IBM to disclose details of new photoresist for 0.10-micron processing
By Jack Robertson, Semiconductor Business News
Feb 25, 2000 (7:13 AM)
URL: semibiznews.com
EAST FISHKILL, N.Y. -- IBM Corp.'s Microelectronics Division will tell the SPIE Microlithography Conference next week in Santa Clara, Calif. that it has licensed JSR Inc. of Japan to produce a new photoresist capable of taking 248-nanometer exposure tools down to 0.10-micron processing. George Gombo, manager of lithography at East Fishkill, said the Japanese firm is expected to have the new resist on the market in the first half of this year. He said IBM is already using the material extensively in its own chip operations. The new resist uses bilayer imaging to extend the range of krypton fluoride (KrF) 248-nm tools. Gombo said it is a silicon-containing resist with high etch resistive and anti-reflective coating. He said the extreme 0.10-micron processing is for application-specific circuits, but can be used for both memory and logic chips.

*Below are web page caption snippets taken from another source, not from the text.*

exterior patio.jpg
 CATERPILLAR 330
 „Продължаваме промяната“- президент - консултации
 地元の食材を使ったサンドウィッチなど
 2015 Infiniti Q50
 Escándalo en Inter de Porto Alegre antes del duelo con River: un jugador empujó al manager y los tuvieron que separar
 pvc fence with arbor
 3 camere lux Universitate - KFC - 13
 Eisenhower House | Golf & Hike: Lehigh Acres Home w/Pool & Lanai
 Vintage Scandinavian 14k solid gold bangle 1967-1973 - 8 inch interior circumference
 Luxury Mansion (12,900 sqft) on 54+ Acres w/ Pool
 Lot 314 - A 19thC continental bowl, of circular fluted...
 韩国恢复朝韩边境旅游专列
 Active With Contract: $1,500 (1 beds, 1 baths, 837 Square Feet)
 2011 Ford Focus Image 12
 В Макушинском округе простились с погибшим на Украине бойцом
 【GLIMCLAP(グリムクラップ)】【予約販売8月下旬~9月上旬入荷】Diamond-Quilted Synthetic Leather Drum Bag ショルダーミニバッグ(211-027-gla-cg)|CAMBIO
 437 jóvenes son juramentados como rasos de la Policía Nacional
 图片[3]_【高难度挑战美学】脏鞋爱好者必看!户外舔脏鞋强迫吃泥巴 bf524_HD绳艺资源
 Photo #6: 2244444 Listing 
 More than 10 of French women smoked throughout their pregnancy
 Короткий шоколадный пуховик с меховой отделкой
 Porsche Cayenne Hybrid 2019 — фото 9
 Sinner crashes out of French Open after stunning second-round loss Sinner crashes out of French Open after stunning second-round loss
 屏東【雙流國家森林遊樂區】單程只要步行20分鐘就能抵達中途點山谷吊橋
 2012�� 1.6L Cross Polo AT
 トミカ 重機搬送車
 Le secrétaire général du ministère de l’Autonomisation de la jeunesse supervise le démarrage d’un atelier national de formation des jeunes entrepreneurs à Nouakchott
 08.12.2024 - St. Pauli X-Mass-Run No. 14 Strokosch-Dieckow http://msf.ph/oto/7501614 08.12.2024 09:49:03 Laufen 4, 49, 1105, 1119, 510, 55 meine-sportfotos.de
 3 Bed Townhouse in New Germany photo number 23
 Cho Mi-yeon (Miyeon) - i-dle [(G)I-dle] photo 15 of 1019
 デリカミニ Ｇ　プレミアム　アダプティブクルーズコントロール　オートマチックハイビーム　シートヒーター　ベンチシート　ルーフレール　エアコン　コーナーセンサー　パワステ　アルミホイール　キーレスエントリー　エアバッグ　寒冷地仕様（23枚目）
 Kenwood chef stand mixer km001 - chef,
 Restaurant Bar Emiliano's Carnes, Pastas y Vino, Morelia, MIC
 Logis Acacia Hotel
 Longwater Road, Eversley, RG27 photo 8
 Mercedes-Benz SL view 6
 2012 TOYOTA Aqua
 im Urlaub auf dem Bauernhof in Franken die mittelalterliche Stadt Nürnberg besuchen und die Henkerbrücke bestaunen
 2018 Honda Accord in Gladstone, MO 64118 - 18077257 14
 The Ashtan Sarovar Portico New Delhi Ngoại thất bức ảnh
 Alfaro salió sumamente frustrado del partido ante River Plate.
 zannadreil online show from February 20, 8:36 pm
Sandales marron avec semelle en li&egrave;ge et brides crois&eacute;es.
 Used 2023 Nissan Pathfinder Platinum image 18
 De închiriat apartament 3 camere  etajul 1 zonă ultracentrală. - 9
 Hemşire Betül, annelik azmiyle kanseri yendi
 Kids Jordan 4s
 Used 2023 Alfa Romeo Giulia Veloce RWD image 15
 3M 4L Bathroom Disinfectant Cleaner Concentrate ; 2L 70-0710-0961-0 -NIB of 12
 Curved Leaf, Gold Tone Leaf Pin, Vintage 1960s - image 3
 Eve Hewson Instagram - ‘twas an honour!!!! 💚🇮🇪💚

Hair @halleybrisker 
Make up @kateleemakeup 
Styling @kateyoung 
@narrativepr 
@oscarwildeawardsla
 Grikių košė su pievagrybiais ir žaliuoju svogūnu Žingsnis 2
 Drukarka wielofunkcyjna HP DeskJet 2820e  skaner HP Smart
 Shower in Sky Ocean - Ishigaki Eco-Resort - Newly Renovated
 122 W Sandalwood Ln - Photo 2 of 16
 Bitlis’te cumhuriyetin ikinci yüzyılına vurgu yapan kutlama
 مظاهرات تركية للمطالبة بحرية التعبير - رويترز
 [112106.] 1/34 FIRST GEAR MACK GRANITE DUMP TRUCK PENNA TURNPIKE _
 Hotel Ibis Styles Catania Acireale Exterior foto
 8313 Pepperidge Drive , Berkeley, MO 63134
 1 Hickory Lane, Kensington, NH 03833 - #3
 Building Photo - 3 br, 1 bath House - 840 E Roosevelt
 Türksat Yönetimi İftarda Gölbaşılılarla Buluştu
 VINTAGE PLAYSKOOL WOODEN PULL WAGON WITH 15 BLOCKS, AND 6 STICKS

IBM will also provide more details at the SPIE meeting on its custom optics system that is part of the cooperative development with Nikon Inc. for a next-generation electron beam projection lithography system. Gombo said the new high-emissive optic system has a large numerical aperture (NA) up to 0.7 and supports a large area exposure for greater tool throughput.
A second paper will describe the projection reduction exposure technique using variable immersive lenses. Gombo said this corrects a problem of electron-beam exposure systems in which the electron beam width passing through the mask is sometimes degraded by electron repulsion. The IBM optics minimize the electron interaction with the mask and allow undistorted exposure on the wafer.
IBM will also provide the first details of e-beam mask developments coming from its joint venture with Photronics Inc. (see July 12, 1999 story). Gombo said initial research results on both membrane and stencil masks will be presented.